@enderland perhaps your manager who did learn it will rise to that level later in life and carry the lesson with him. Either way, if you hide the mistakes of folk doing work - they'll never get better at the work they do.
@LightnessRacesinOrbit eh, not the average employed american. Average working commuter drives 15 miles each way 5 days a week. 5 * 10 = 50 + (5 * 5) = 75 * 2 = 150 * 52 = 10 * 150 * 5 = 1500 * 5 = 5000 + (5 * 500) = 7500 per year just to and from work
@Ampt at Employer^^^ we had a screen in the middle of the cube farm hooked up to some little nothing machine someone setup with a little application that would flip between various countdowns. Usually it was since last release and to next release and since first go-live and since last downtime and stuff like that just random neat things, sometimes people would add countdowns for silly stuff though "Since last drunken outing" or "Until the end of the world" (mayan calendar date)
@Telastyn there is a rational partition you can construct based on queryable records for someone querying? If so I think I have a plausible solution.. Depending on the size of that group- would it be reasonable to load just that group into memory temporarily?
@Telastyn What you can do is come up with a cache-size-constraint and evict-on-add where you know you're missing records based on the querying user: They can see records 1400-1500, those aren't in the queryset, dequeue the last group and enqueue 1400-1500. Subsequence queries by that user will have cache-hits
that's based on having the concept of partitioning records to querying users (User A can see record group A), and then you cache groups of records as such.
User A tries to query, record group A is in the in-memory-cache, cache hit: It searches his record group based on his query info. User B tries to query, record group B is not in the in-memory cache and the in-memory cache is at it's size-limit for group-count. Evict record group A and add record group B. (eviction should be FIFO)
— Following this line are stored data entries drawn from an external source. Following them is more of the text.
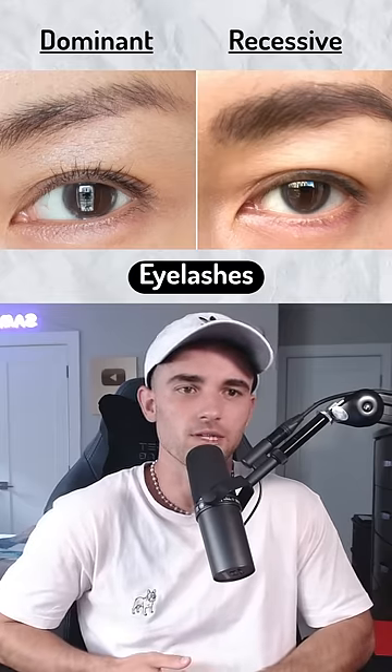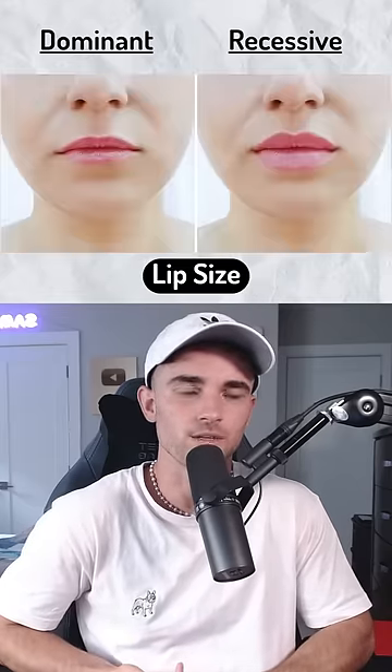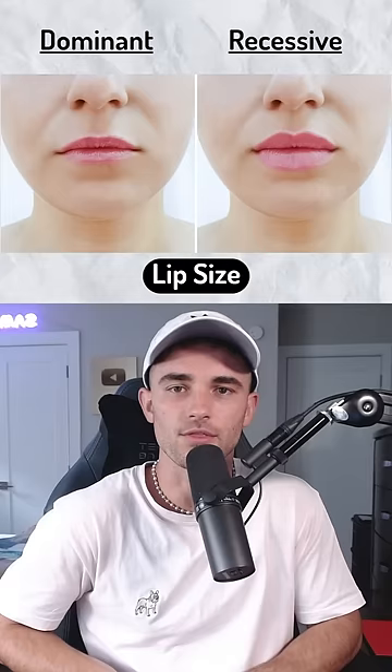I think they're fairly long. Dominant again. Broad or thin? Probably on the thinner side, I'd say.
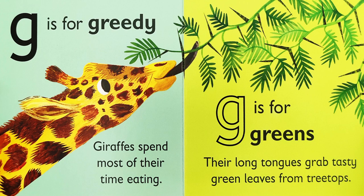G is for greedy. Giraffes spend most of their time eating. G is for greens. Their long tongues grab tasty green leaves from treetops.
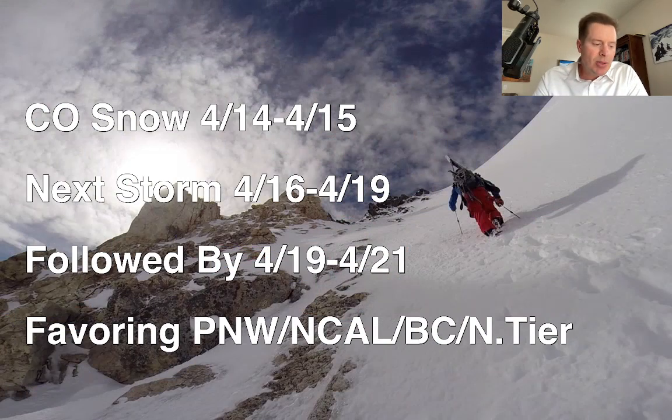First stop, bullet points. The same storm with the cold front plowing through Wyoming and Utah, dropping the snow levels, will hit Colorado April 14th to 15th with snow and colder air helping to re-solidify and refreeze these snowpacks — after the freezing level was incredibly high for the last few days. Behind that, the pattern will reload April 16th to 19th, and then another storm right on its heels, almost blending in with it, April 19th to 21st. Storm track with these will favor the Pacific Northwest, Northern California, BC, and the northern tier of states — Idaho, Montana, and Wyoming — potentially with some downstream snow into Utah and Colorado. We'll look at that coming up in the forecast.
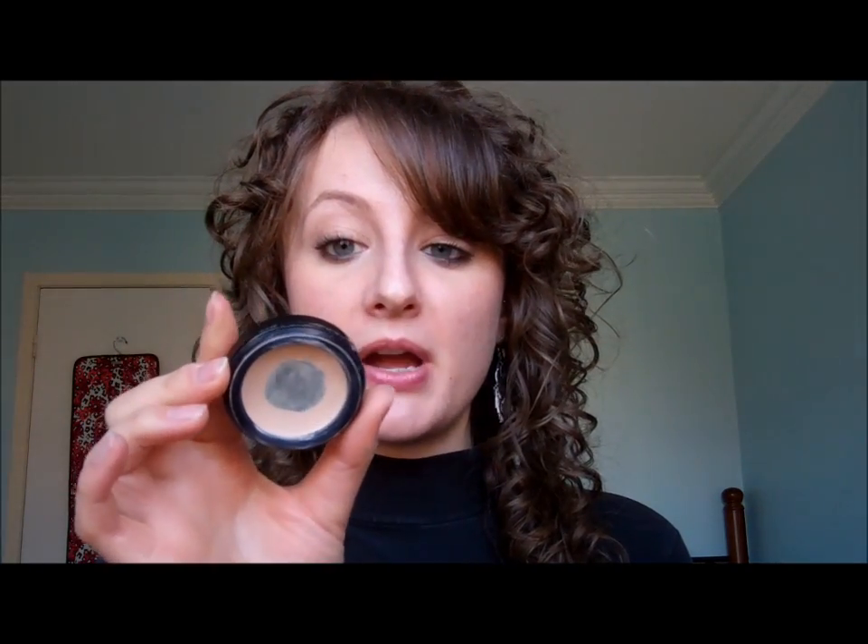Next, I repurchased my Benefit Boing Concealer in number 01. I love it — it's my favorite concealer. I have hit pan on my old one so I thought I'd get a replacement. Although I hit pan a long time ago and was delightfully surprised to see it still lasted me a long time. I guess the outer rim is just a place that isn't touched as much. I don't know how much longer it will last me, but I have a backup now.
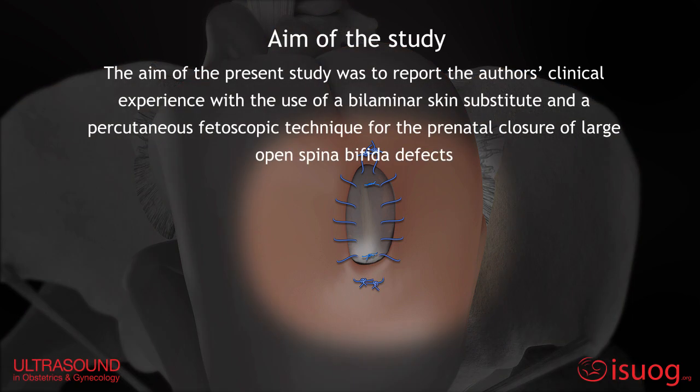The aim of the present study was to report the authors' clinical experience with the use of a bilaminar skin substitute and a percutaneous fetoscopic technique for the prenatal closure of large open spina bifida defects.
Ah distribution tricks it up a touch. You could use redis or some such..
@Telastyn that said, the "add to memory" process would be expensive but doable if you: Hash each searchable field as an each-character-hash. It would bloat like crazy which is why you'd want to only add groups of records at a time rather than all records. It may expose hash specifics but so long as all hashing is done internally - is that a sincere concern? It still protects the PHI per HIPAA
@Telastyn they do. You could do it in RDBMS: User comes into the query page, you immediately evict the oldest hashed record group from a hashed-query-structures section of the DB, and shuffle hashed versions of his queryable data into it.
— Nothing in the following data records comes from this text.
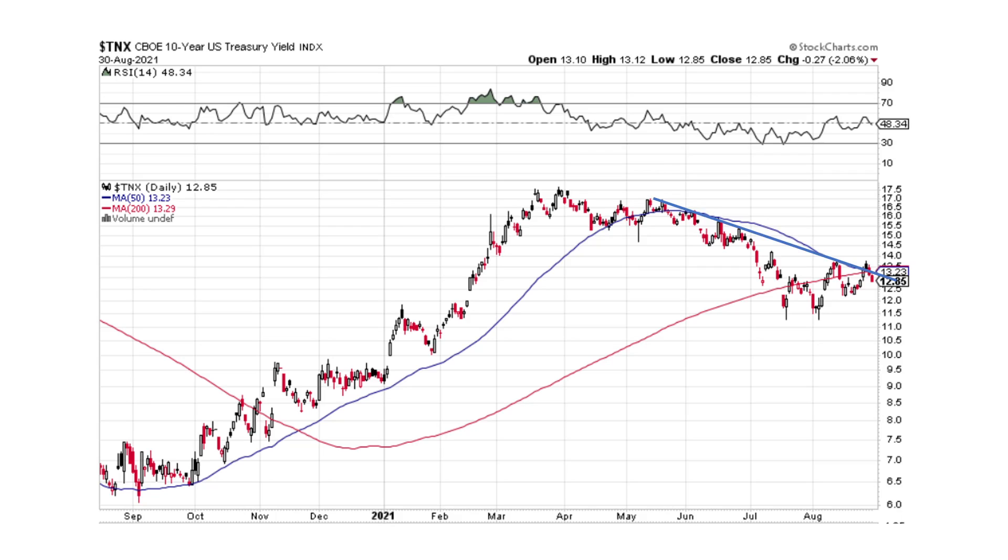It looks like the 10-year is hanging on by a thread, probably some yield curve control or I don't know what, but nice big move. We came up, hit our head, came back. Looks like we were trying to break here, but it's getting pushed back down. Someone is buying bonds and moving yields lower.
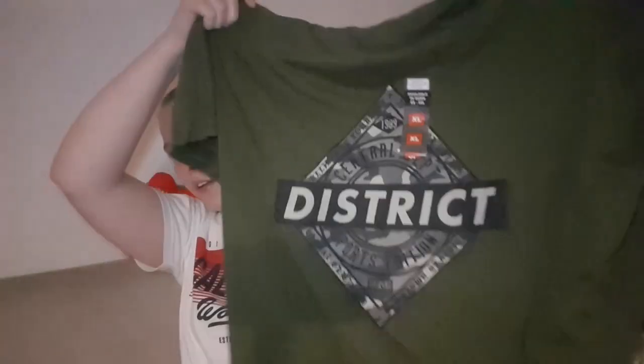Next is this top which says 'District' on it. I actually really like this. I got this grey one in a large, and this one in an extra large — they didn't have the grey one in an extra large, otherwise I would have bought it in an extra large.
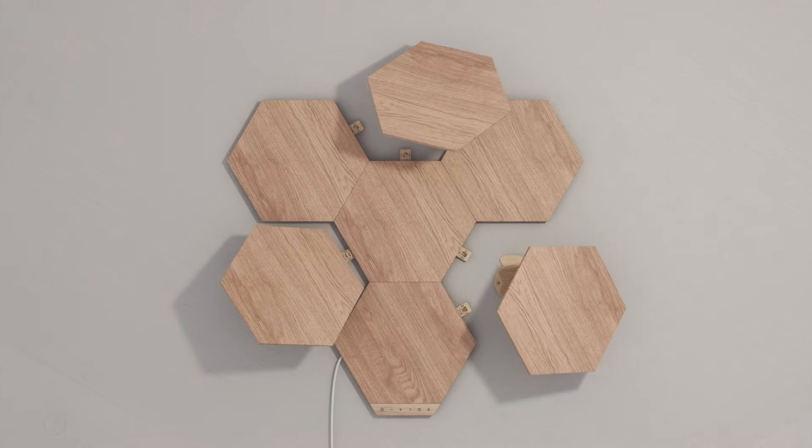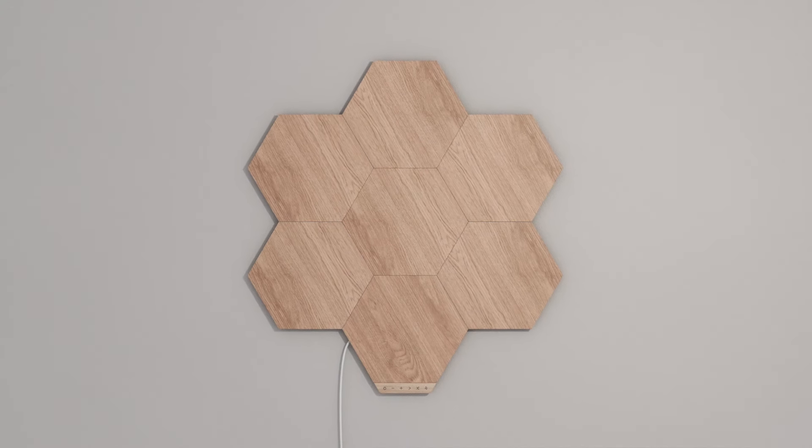That's what really inspired us to play around with textures for the first time. The neutral color and textured wood grain on our panels complement every style of home, while the shape of the hexagons adds a geometric element to balance it harmoniously.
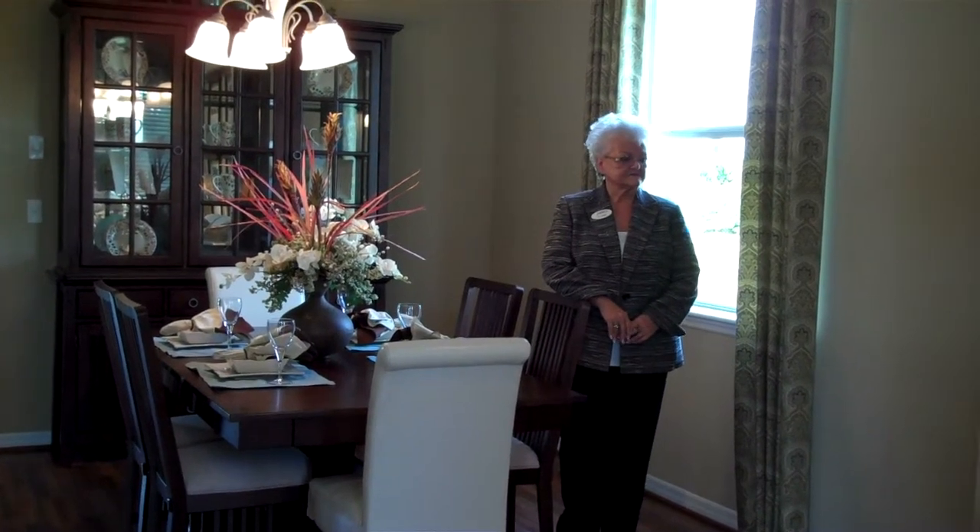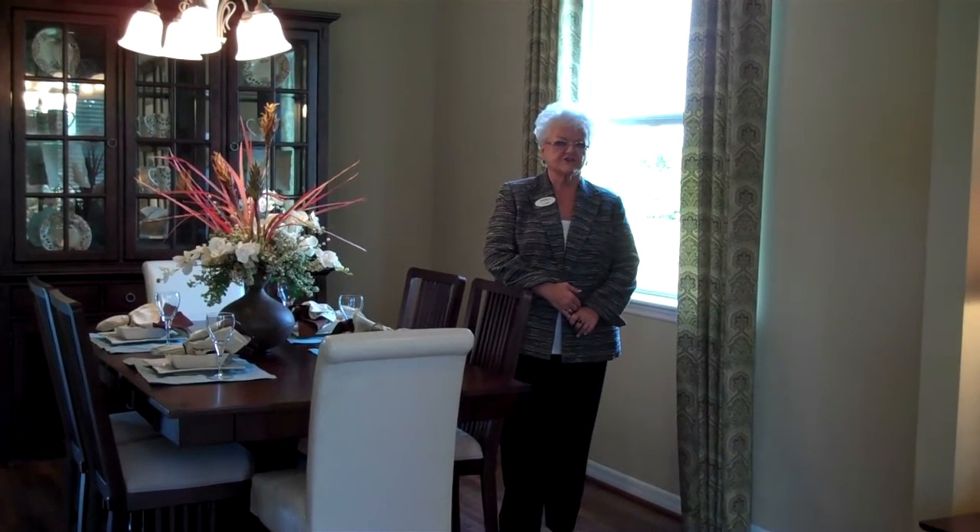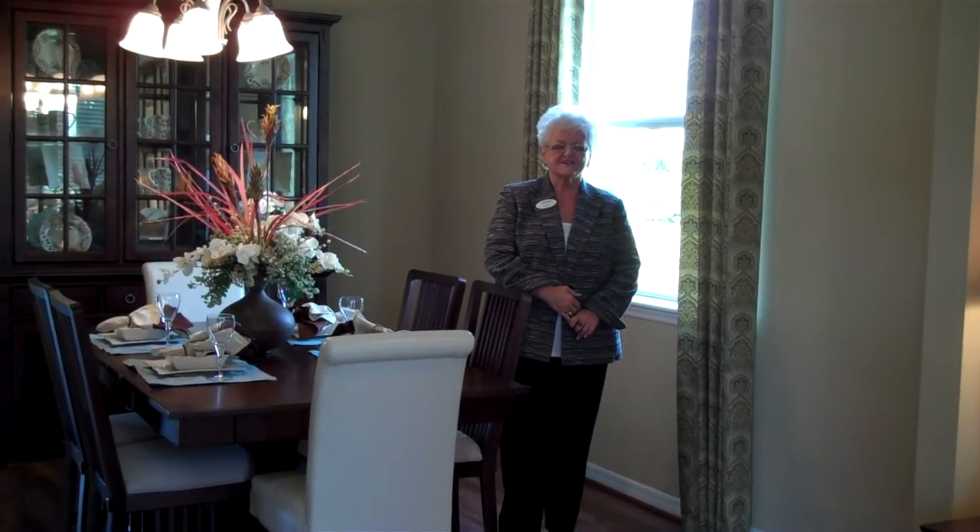Sevenoaks is located in New Tampa, and the plus to that is it's all brand new with excellent schools, as well as being a gated community. You're right at the entry point of I-75, so you have great access. They're in the process of building a brand new hospital just outside of the community, so everything is here.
Hash the column name along with the data and you wouldn't need to make it too complex: EntityTable(EntityId, FirstName, LastName) HashTable(Hash, EntityId) Hash <- SHA('FirstName' + entityTable.FirstName)
then when they query on "FirstName" it salts the hash the same.
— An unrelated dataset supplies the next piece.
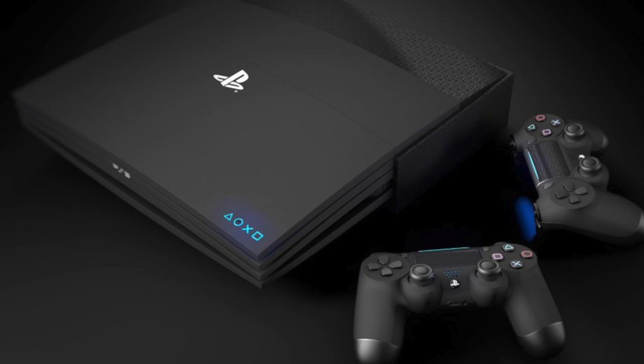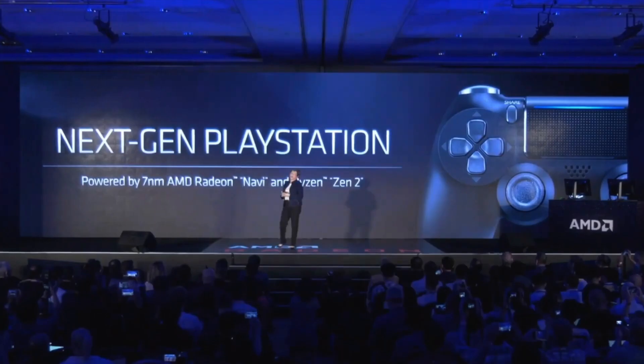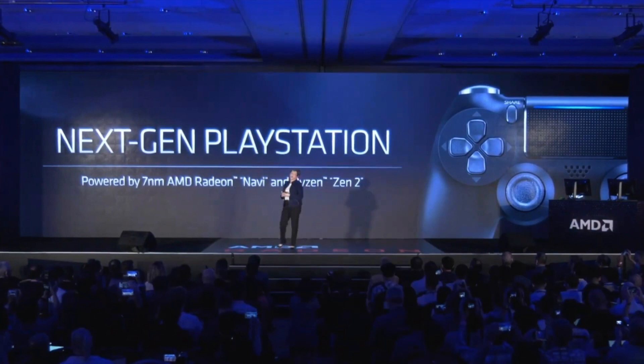At the end of last month, AMD held their keynote at the Computex Expo in Taiwan. Su took to the stage and reiterated the general specs of the PS5 that were revealed in the Wired interview — semi-custom AMD chips, meaning built using their technology but customized for Sony's specific requirements for the PS5.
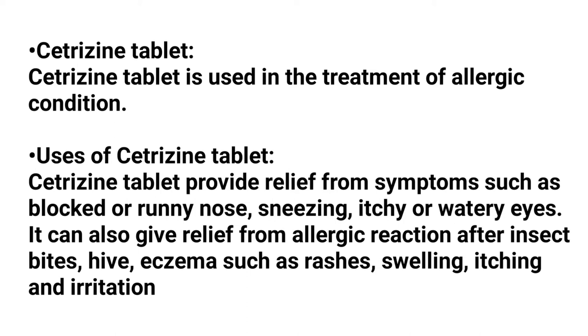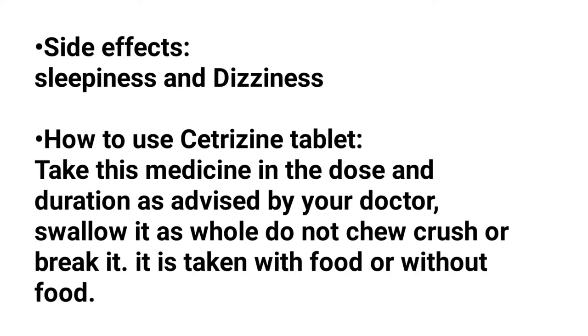Cetirizine tablet also provides relief from hives, eczema such as rashes, swelling, itching and irritations. Side effects of cetirizine tablet include sleepiness and dizziness.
So I just talked to my boss about the salary difference. Just gave me the "internal equity" line. Honestly, I don't care what everyone else makes, if they aren't monitoring their salary on their own and shopping around.
There shouldn't be internal equity. It's a dumb concept. People who work hard and take on more responsibilities and do things (like monitor their compensation) should get paid more than people who don't.
@Telastyn which is why it would be important to have some predictable set for a given user - hopefully a shared set so 8 users all come in and have the same set and you would have to add/evict less
you would need to do that to ween down the number of records you have to load there. Alternatively: Amortize it and juts except that HashTable will be stupidly huge, and just fill it the hell up. RDBMS can handle huge data sets when they're simply structured.
Also, my point is that I make less than the median salary...I think I far outperform the average software engineer of my age, experience, and company tenure.
I'm not an exceptional software engineer. But I think at least average, if not above average.
Well, I'm meeting with the HR partner for Engineering next. Don't know when.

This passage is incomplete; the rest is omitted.